Keywords: NSCLC, early diagnosis, biomarkers, proteomics, FAK, C-Src

Introduction

Nowadays, lung cancer has the highest incidence in all kinds of malignant tumors and is the most cause of cancer-related death worldwide as well. In 2014, in the United States, 224210 new cases of lung cancer were diagnosed, including 159260 cancer-related deaths.1 With increase in the count of smokers and in pollution in the environment, it is estimated that more than 1 000 000 patients are diagnosed with lung cancer every year in China.2 Therefore, the timely diagnosis and effective treatment of lung cancer become more and more important. In the last decade, a significant progress has been made in lung cancer screening using minimally invasive techniques for diagnosis, and the treatment included targeted molecular therapies.3 However, only 16.6% of patients with lung cancer survived 5 years or more after the diagnosis.4 Currently, several molecular biomarkers are commonly used in clinical practice to identify a variety of solid tumors, such as carcinoembryonic antigen, cytokeratin 19 fragment (CYFRA21-1), neuron-specific enolase, and so on, but none of them is able to identify lung cancer in early stage.

The molecular pathogenesis of lung cancer shows that the development of lung cancer involves several stages, which transformed from a normal airway epithelium to a premalignant lesion, squamous metaplasia or atypical adenomatous hyperplasia (AAH), and to a malignant lesion, carcinoma in situ, and invasive carcinoma. When lung cancer is diagnosed in precancerous stage, the survival rate can be significantly improved by some effective intervention measures. Therefore, it is very crucial to differentiate the critical molecule of normal lung and cancerous lung in the intermediate stage, which can show lung neoplastic transformation.
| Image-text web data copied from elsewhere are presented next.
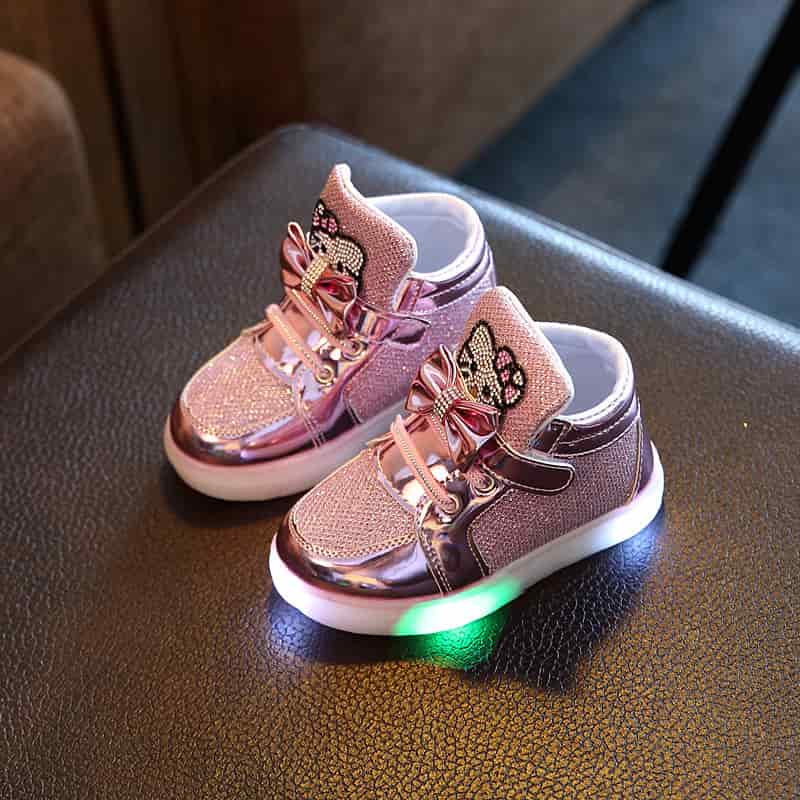 lighting pink hello kitty 30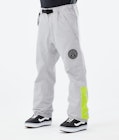 Dope Blizzard LE Snowboard Pants Men Limited Edition Stripe Light Grey, Image 1 of 4
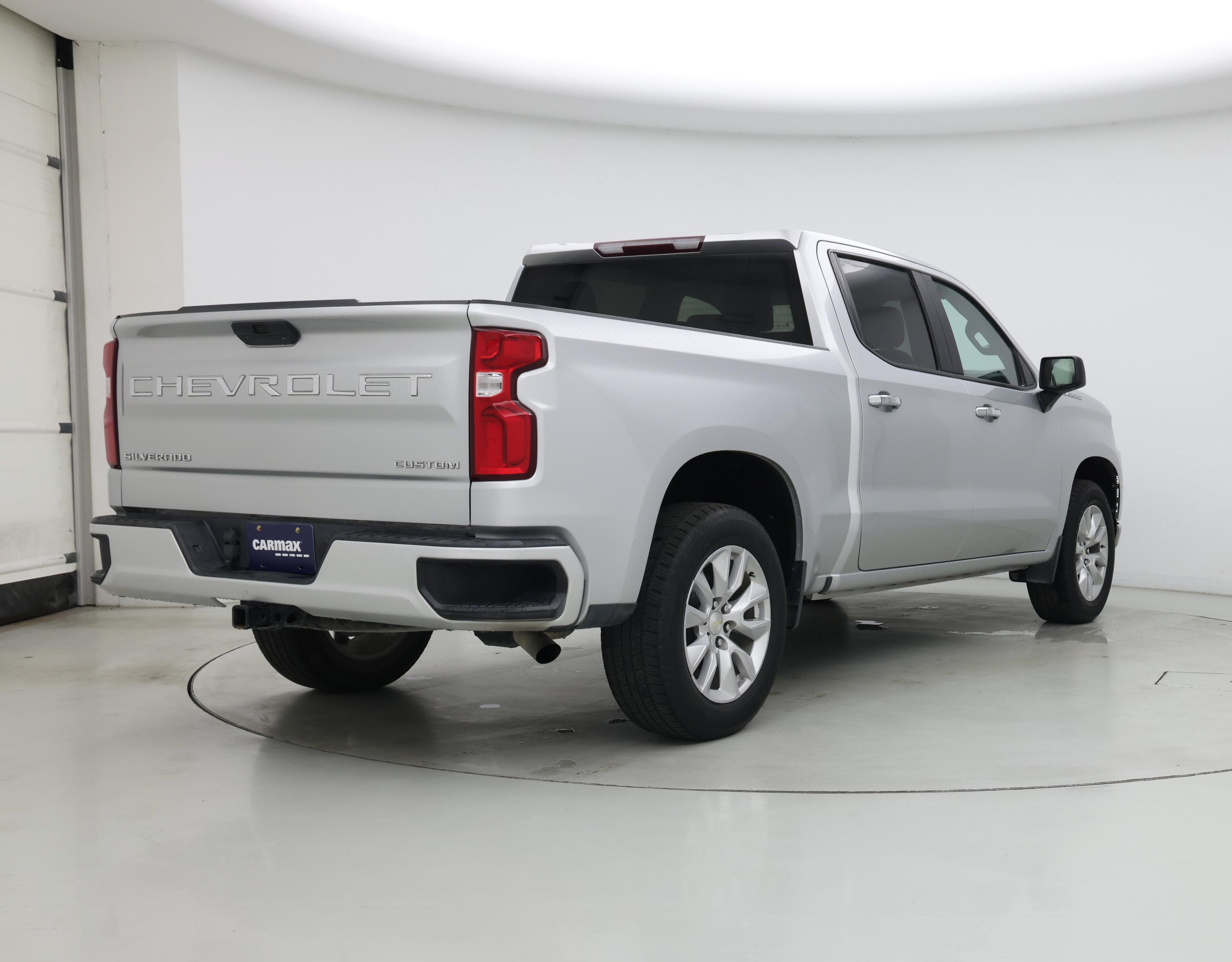 Thumbnail: 2021 Chevrolet Silverado 1500 - 8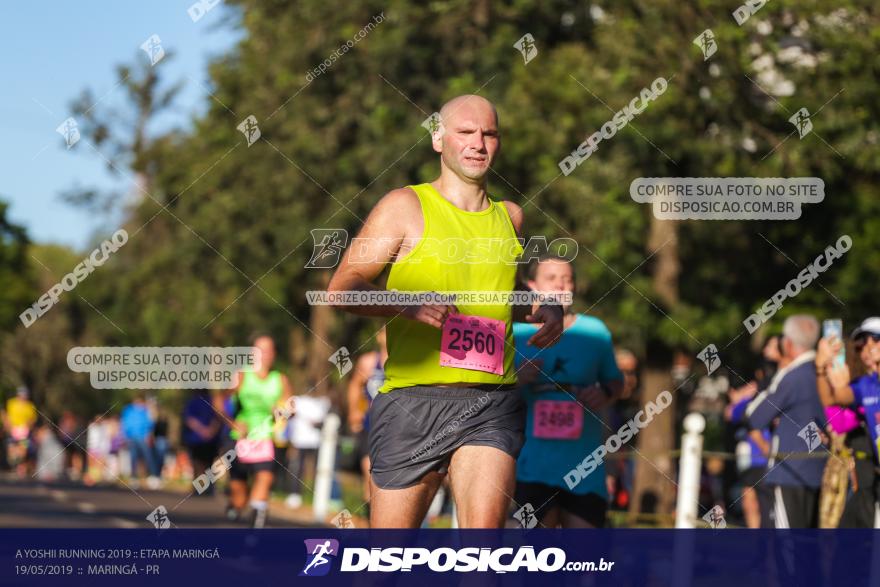 A Yoshii Running 2019 :: Etapa Maringá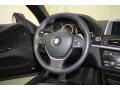 Black Nappa Leather Steering Wheel Photo for 2012 BMW 6 Series #77416617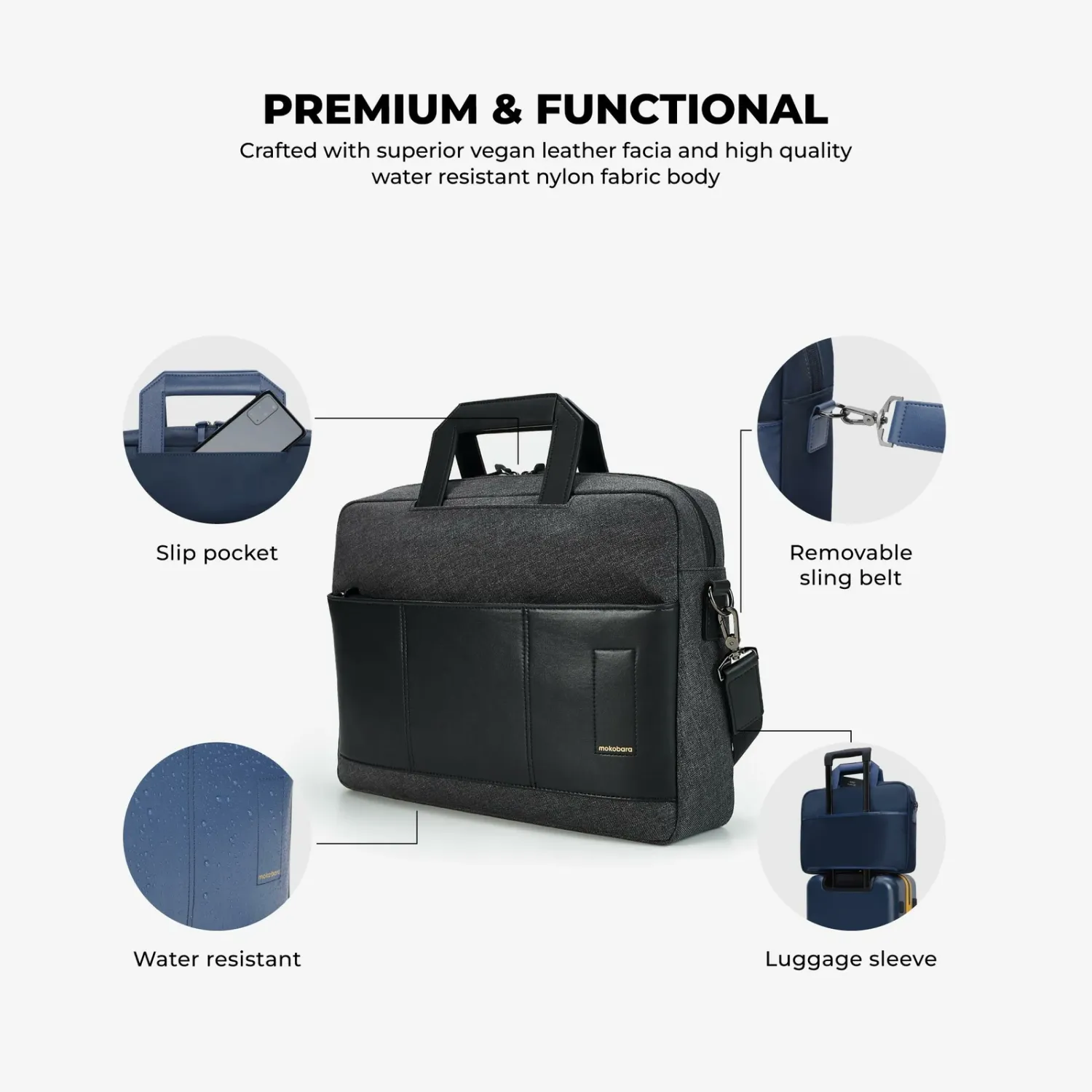 Mokobara The Black Briefcase - Image 6
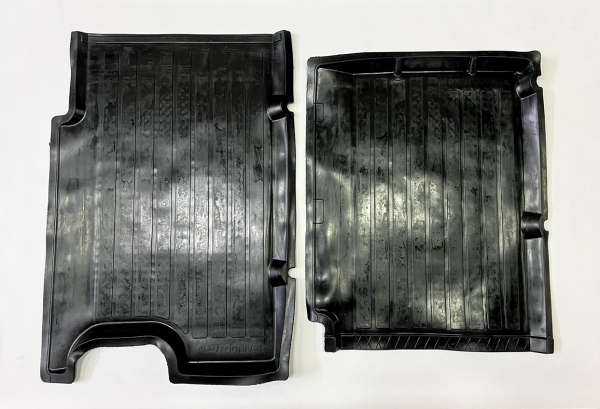 44 Ковры салона ГАЗель 2705 цельнометаллическая (задний ряд) (резина) AVTODRIVER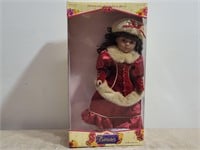 Pansie Collection Porcelain Doll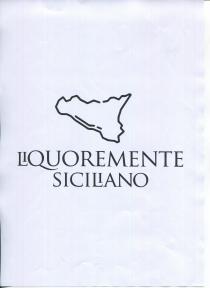 LIQUOREMENTE SICILIANO Scritta Sicilia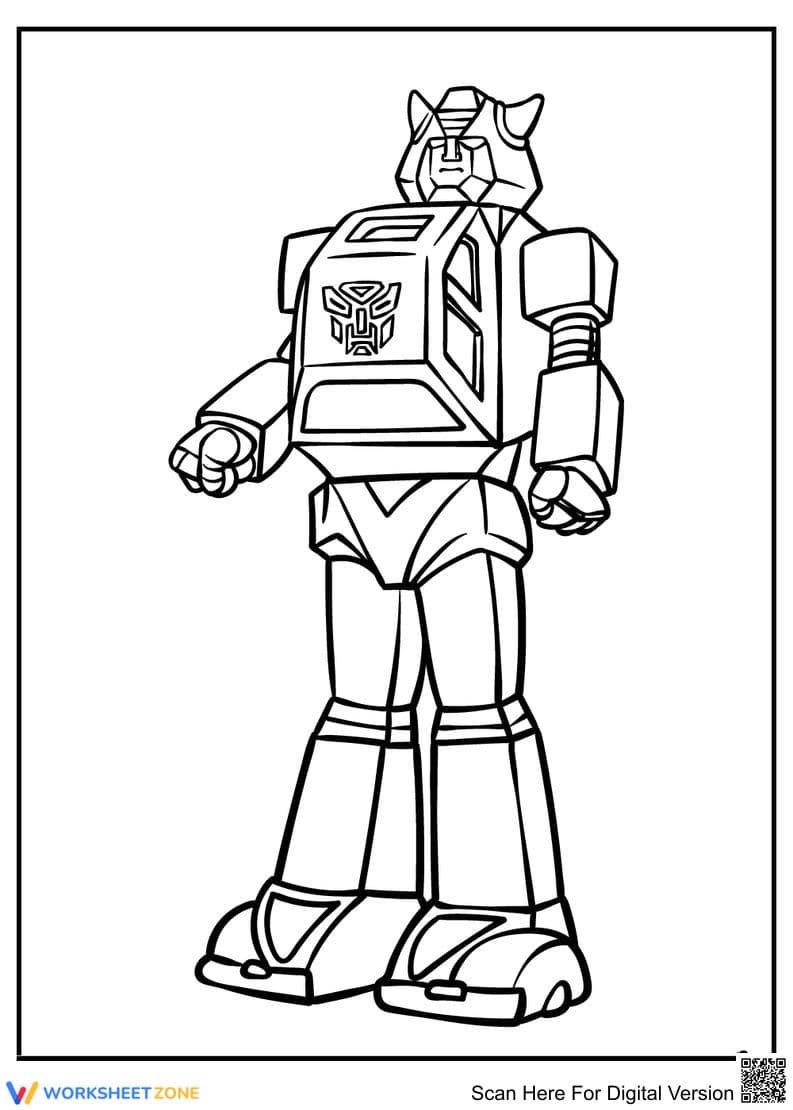 Transformers robot - Page 1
Some experts have found some valuable biomarkers in the diagnosis of premalignant lung lesion, for instance, Lowe et al5 used a novel autoantibody test to detect the preneoplastic lung lesions, and Rice et al6 identified plasma apolipoprotein E as being associated with smoking and a marker for squamous metaplasia of the lung. Unfortunately, there are seldom studies that are relevant to proteomics of lung squamous metaplasia and AAH cell, considering the difficulties in collecting even modest number of cell samples from patients with premalignant lung lesions.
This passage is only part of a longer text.